In the world of cloud native applications, etcd is the only stateful component of the Kubernetes control plane. This makes matters for an administrator simpler, but the Kubernetes 1.6 release throws a wrench into the process of maintaining 9s of reliability. But don't fear, I'll make sure you're covered.
etcd data store format: v2 or v3?
etcd version 3.0.0 and up supports two different data stores: v2 and v3, but it's important to know what version you're using because it impacts your ability to back up your information.
In Kubernetes 1.5, the default data store format was v2, but v3 was still available if you set it explicitly. For Kubernetes v1.6, however, the default data store is etcd v3, but you will still need to think about which format, for the various components that surround it.
For example, Calico, Canal, and Flannel can only write data to the etcd v2 data store, so combining their etcd data with the Kubernetes etcd data store can complicate the maintenance of etcd if Kubernetes is using v3.
Users blindly upgrading from Kubernetes v1.5 to v1.6 may be in for a surprise. (Just one reason it's important to always read the
release notes!) Kubernetes v1.6 changes the default etcd backend from v2 to v3, so make sure that before you start, you manually
migrate etcd to v3. This way, you can ensure data consistency, which requires shutting down all kube-apiservers.
If you don't want to migrate just yet, you can pin kube-apiserver back to v2 etcd with the following option:
--storage-backend=etcd2
Backing up etcd
All configuration data for Kubernetes is stored inside etcd, so in the event of an irrecoverable disaster, an operator can use an etcd backup to recover all data. Etcd creates snapshots regularly on its own, but daily backups stored on a separate host are a good strategy for disaster recovery for Kubernetes.
Backup methods
etcd has different backup methods for v2 and v3, and each has its own advantages and disadvantages.
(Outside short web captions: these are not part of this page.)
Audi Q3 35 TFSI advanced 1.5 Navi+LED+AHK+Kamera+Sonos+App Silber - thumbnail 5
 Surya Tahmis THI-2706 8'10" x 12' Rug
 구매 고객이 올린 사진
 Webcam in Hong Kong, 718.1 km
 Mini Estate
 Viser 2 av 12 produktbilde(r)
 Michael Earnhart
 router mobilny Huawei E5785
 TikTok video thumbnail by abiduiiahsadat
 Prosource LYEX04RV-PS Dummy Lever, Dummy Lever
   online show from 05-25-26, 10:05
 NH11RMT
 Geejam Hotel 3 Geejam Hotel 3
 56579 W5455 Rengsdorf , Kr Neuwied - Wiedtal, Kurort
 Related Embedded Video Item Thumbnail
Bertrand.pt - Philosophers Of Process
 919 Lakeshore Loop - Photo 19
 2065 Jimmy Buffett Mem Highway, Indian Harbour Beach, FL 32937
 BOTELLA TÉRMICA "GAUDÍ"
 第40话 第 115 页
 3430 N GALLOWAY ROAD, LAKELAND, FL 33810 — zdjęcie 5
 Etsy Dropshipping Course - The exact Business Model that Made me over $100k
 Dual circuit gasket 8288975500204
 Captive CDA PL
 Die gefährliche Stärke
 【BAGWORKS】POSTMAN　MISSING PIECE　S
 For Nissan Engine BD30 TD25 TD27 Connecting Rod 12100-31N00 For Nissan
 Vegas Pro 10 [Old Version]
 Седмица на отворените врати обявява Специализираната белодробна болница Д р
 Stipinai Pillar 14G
The v3 backup is much cleaner and consists of a single, compact file, but it has one major drawback: it won't backup or recover v2 data.
This means that if you have only etcd v3 data (for example, if your network plugin doesn't consume etcd), you can use the v3 backup, but if you have any v2 data--even if it's mixed with v3 data--you must use the v2 backup method.
Let's look at each of these methods.
Etcd v2 backups
The etcd v2 backup method creates a directory structure with a single WAL file. You can perform a backup online without interrupting etcd cluster operations. To back up an etcd v2+v3 data store, use the following command:
etcdctl backup --data-dir /var/lib/etcd/ --backup-dir /backupdir You can find the official procedure for etcd v2 restore here, but here is an overview of the basic steps. The challenging part is to rebuild the cluster one node at a time.
- Stop etcd on all hosts
- Purge /var/lib/etcd/member on all hosts
- Copy the backup to /var/lib/etcd/member on the first etcd host
- Start up etcd on the first etcd host with --force-new-cluster
- Set the correct the PeerURL on the first etcd host to the IP of the node instead of 127.0.0.1.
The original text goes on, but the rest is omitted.